There is an interesting book called "128 Compound Scroll Saw Patterns" by Sam Keener and published by Fox Chapel that may interest you. All of the patterns in the book start with 1 3/4" square blocks of wood, but the patterns for the front and side cuts are different. After it's cut out, turn it one way and you see an Angel. Turn it 90 degrees and you see a butterfly on a clover flower. Every pattern in the book produces two very different images when you look at them from different directions.
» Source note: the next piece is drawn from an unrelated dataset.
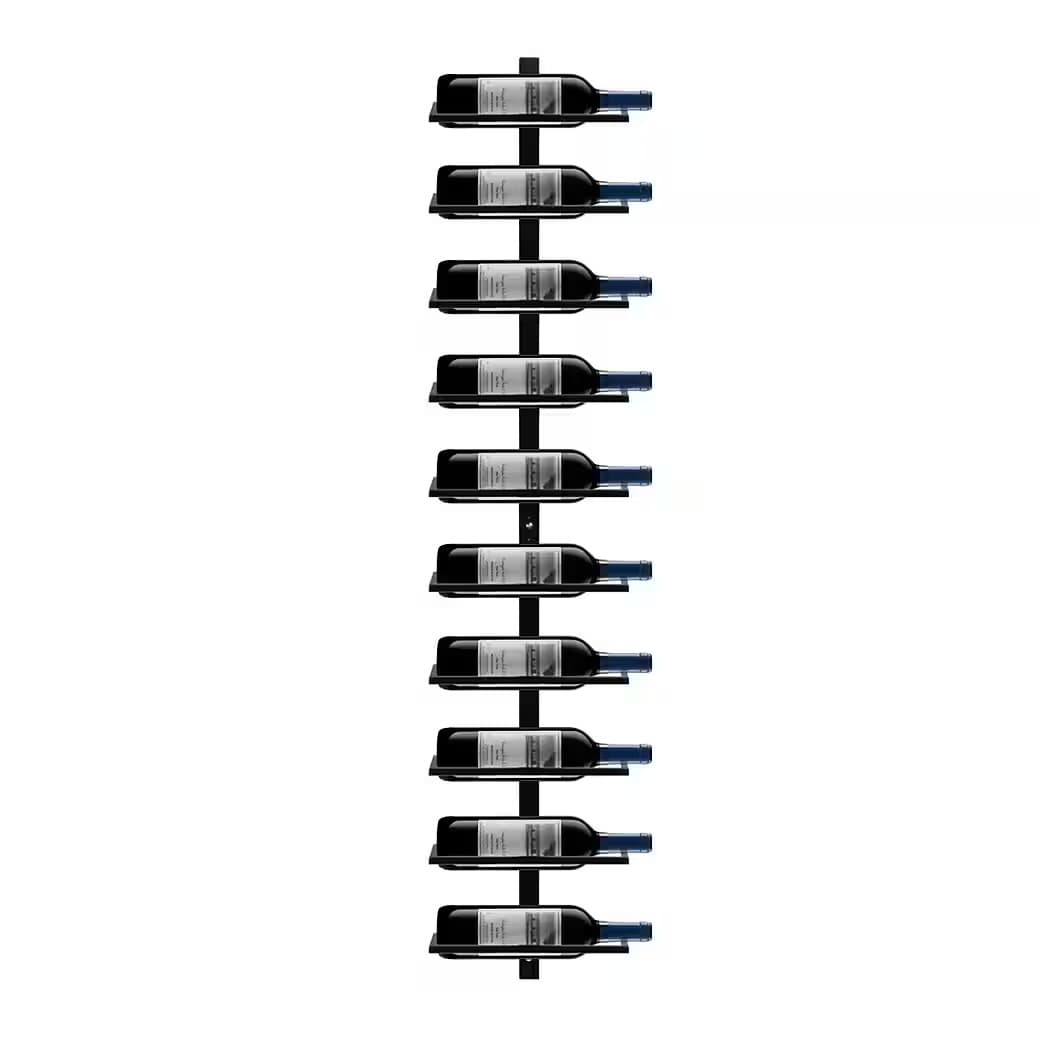 Metal Library Racks Minimalist Black Metal Shelving 3D Model — Free Download | FurniMesh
It's still compound cutting, but with a bit of a twist.

Charley


----------



## MrUnix

I was trying to think of stuff I could do that involved both my scroll saw and the lathe, and I immediately thought of a lidded box with some scroll work on top. Then the light went off and a Potpourri bowl came to mind! I did a search on the internet, and was surprised at the lack of examples out there. There are quite a few people who basically make a lidded box and use those round metal inserts for the top, but very few who do the scroll work. So I thought it would be a neat idea and a great way to test out my new Hegner. This is the 'prototype' that I made from some scrap oak that I had. The pattern was a slightly modified trivet pattern I found on the net somewhere. It was fun to make, and the wife loves it, which is a win-win.










Cheers,
Brad


----------



## Redoak49

I love the shell and it is on my bucket list. I typically do Intarsia projects like this owl and puzzles for my Grandkids.


----------



## GrumpyGolfGuy

Here's a sample of what I've done

Chris


----------